Question

I'm currently working on benchmarking a RESTful service I've made, and part of that is making sure it runs in a reasonable amount of times for a large array of parameters. For example, let's say I have RESTful API of the form some_site.com/item?item_id=y. In that case to be sure my service is working as fast as I'd like it to work, I'd want to try out many values for y one by one, preferably coming from some text file. I can't figure out any way of doing this in ab or httperf. I'm open to using a different benchmarking program if I have, but would prefer something simple and light. What I want to do seems like something pretty standard, so I'm guessing there must already be a program that let's me do it, but an hour or so of googling hasn't gotten me an answer. Ideas?

Était-ce utile?

La solution

Answer: Jmeter (which is apparently awesome). This faq explains how to do it. Hopefully this helps someone else, as it took me like a day of searching to figure this out.

Autres conseils

I have just had some good experience with using JavaScript (via BSF/Rhino) in JMeter.
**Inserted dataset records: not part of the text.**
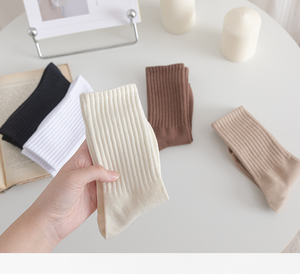 Vente en gros de chaussettes tube moyennes chaudes automne-hiver chaussettes unies en coton de 6 couleurs Ins chaussettes élastiques à la mode de style japonais - Product Image 3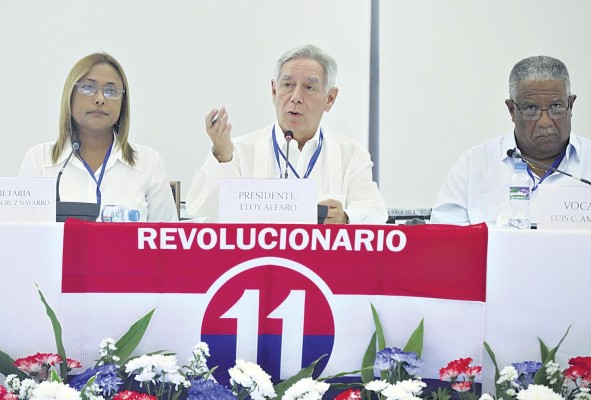 La Junta Nacional de Escrutinio, encargada de recibir y escrutar las actas, se instaló a las 2:00 p.m. La Junta Nacional de Escrutinio, encargada de recibir y escrutar las actas, se instaló a las 2:00 p.m.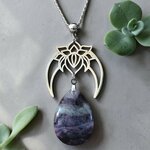 collier-argenté-lotus-lunaire-charme-foi.jpg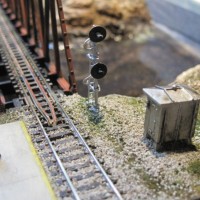 NON-WORKING SUNRISE SIGNALS AND METAL KIT ELECTRICAL SIGNAL BOX.
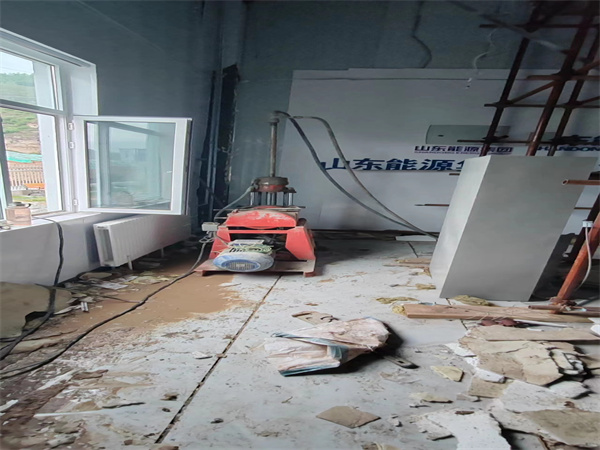 右江地基基础下沉墙体裂缝加固注浆顶升施工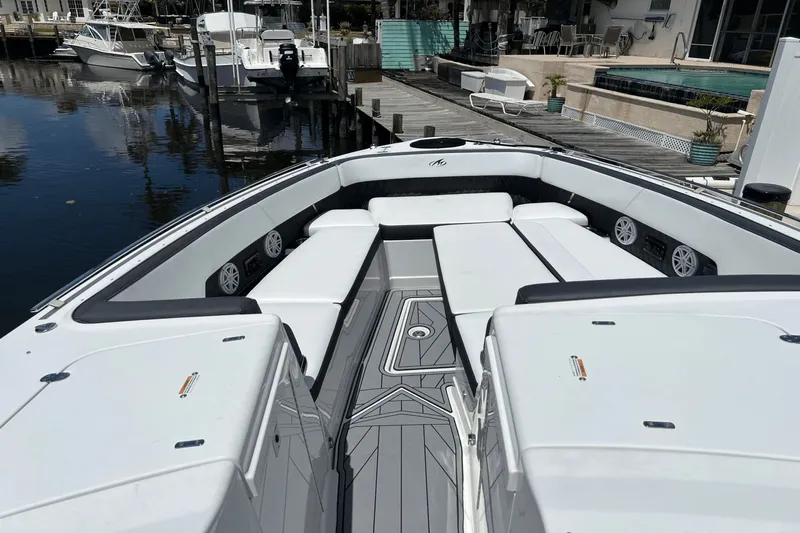 Crypto Current-sea Yacht Photos Pics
I have put one thread group in my test plan and stick a 'Simple Controller' with two elements under it - 'HTTP Request' sampler and 'BSF PreProcessor'.

Set BSF language to 'javascript' and either type the code into the text box or point it to a file (use full path or relative to CWD of JMeter process).

/* Since `Math.random()` gives us float, we use `java.util.Random()`
 * see: http://docs.oracle.com/javase/7/docs/api/java/util/Random.html */
var Random = new Packages.java.util.Random();

var min = 10-1;
var max = 2;
var maxLines = (min)+Random.nextInt(max-min);

var s = '';

for (var d = 0; d <= maxLines; d++) {
  s += d.toString()+','+Random.nextInt(1000).toString()+'\n';
}

// s => '0,312\n1,104\n2,608\n'

vars.put('PAYLOAD', s);

Now I can refer to ${PAYLOAD} in the HTTP request!

You can generate JSON, but you will need to upgrade jakarta-jmeter-2.5.1/lib/js-1.6R5.jar with the newest version of Rhino to get JSON.stringify and JSON.parse. That worked perfectly for me also, though I thought I'd put a simple example here.

You can use BSF pre-processor for URL params as well, just set another variable with vars.put('X', 'some value') and pass it as ${X} in the request parameter.

This blog post helped quite a bit, by the way.